Dott. VITTORIA Paolo – Primo presidente f.f. –

Dott. PROTO Vincenzo – Presidente di sezione –

Dott. D’ALONZO Michele – Consigliere –

Dott. FORTE Fabrizio – Consigliere –

Dott. CURCURUTO Filippo – Consigliere –

Dott. TOFFOLI Saverio – Consigliere –

Dott. DI CERBO Vincenzo – Consigliere –

Dott. TRAVAGLINO Giacomo – Consigliere –

Dott. BOTTA Raffaele – rel. Consigliere –

ha pronunciato la seguente:

sentenza

sul ricorso proposto da:

P.C., elettivamente domiciliato in ROMA, VIA PANAMA 58,

presso lo studio dell’avvocato MEDUGNO LUIGI, che lo rappresenta e

difende unitamente agii avvocati VACCARELLA ROMANO, SAMMARCO ANGELO

ALESSANDRO, per delega a margine del ricorso;

– ricorrente –

contro

PROCURATORE GENERALE PRESSO LA CORTE DI CASSAZIONE, CONSIGLIO

NAZIONALE FORENSE, CONSIGLIO DELL’ORDINE DEGLI AVVOCATI DI ROMA,

PROCURATORE DELLA REPUBBLICA PRESSO IL TRIBUNALE DI ROMA, PROCURATORE

GENERALE DELLA REPUBBLICA PRESSO LA CORTE D’APPELLO DI ROMA;

– intimati –

avverso la decisione n. 79/2010 del CONSIGLIO NAZIONALE FORENSE,

depositata il 12/10/2010;

udita la relazione della causa svolta nella pubblica udienza del

19/04/2011 dal Consigliere Dott. RAFFAELE BOTTA;

udito l’Avvocato Angelo Alessandro SAMMARCO;

udito il P.M. in persona dell’Avvocato Generale Dott. IANNELLI

Domenico, che ha concluso per il rigetto del ricorso.

Fatto

SVOLGIMENTO DEL PROCESSO

La controversia concerne il procedimento disciplinare avviato dal COA di Roma nei confronti dell’avv. P.C. con deliberazione del 14 gennaio 1999, in ragione della richiesta di rinvio a giudizio del professionista formulata dalla Procura della Repubblica di Milano per il ruolo che si assumeva questi avesse svolto nella vicenda relativa al contenzioso IMI-SIR: la ricordata deliberazione contestava al professionista gli stessi fatti che costituivano oggetto della imputazione nel processo penale.

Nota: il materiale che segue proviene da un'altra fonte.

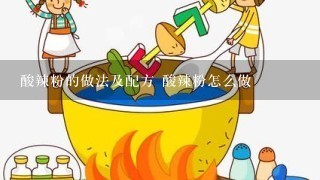 酸辣粉的做法及配方 酸辣粉怎么做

Con successiva deliberazione del 15 aprile 1999, il COA disponeva la sospensione del procedimento disciplinare in attesa della pronuncia della sentenza penale di primo grado. Seguivano poi citazioni a comparire dell’incolpato del 18 novembre 2003 e del 28 luglio 2004, riproduttive dell’incolpazione originariamente formulata, e alcuni rinvii, finchè con deliberazione del 25 maggio 2006, intervenuta la sentenza definitiva della Corte di Cassazione del 4 maggio 2006, il COA disponeva di dare esecuzione, con decorrenza dal 25 maggio 2006 al 25 maggio 2011, alla pena accessoria dell’interdizione dalla professione per anni cinque inflitta in sede penale al professionista. Successivamente con deliberazione del 6 febbraio 2007 il procedimento disciplinare era rimesso in istruttoria e l’incolpazione definitivamente riformulata, sulla base dell’esito del processo penale, con deliberazione dell’8 febbraio 2007. Il COA, quindi, esaurito il dibattimento, affermava la responsabilità disciplinare dell’incolpato, irrogandogli la sanzione della radiazione. Il Consiglio Nazionale Forense rigettava l’impugnazione, con la decisione in epigrafe, avverso la quale l’incolpato propone ricorso per cassazione, illustrato anche con memoria, con cinque motivi.

Diritto

MOTIVAZIONE

Con il primo motivo, il ricorrente contesta, sotto il profilo della violazione di legge e del vizio di motivazione, la legittimità della composizione dell’organo giudicante (il COA di Roma), in quanto all’udienza di discussione del 27 maggio 2008 sarebbero stati chiamati a partecipare, non tutti i componenti dell’organo, ma solo i consiglieri che avevano presenziato nella precedente riunione del 29 aprile 2008, nella quale si era svolto il nuovo interrogatorio dell’incolpato dopo la riformulazione dell’incolpazione. Si tratta di un motivo che riproduce un’eccezione già formulata innanzi al CNF (il quinto in quella sede) per contestare l’irregolare composizione del Collegio che aveva emesso la decisione impugnata, e respinta sul presupposto della necessità che siffatto tipo di eccezione dovesse essere sollevata immediatamente innanzi all’organo giudicante e non potesse farsi successivamente nella fase di impugnazione innanzi al CNF (tale eccezione, afferma la decisione impugnata, doveva essere proposta in limine dell’udienza di discussione svoltasi davanti al Consiglio territoriale e non può essere dedotta come motivo di impugnazione nei ricorso al Consiglio Nazionale forense).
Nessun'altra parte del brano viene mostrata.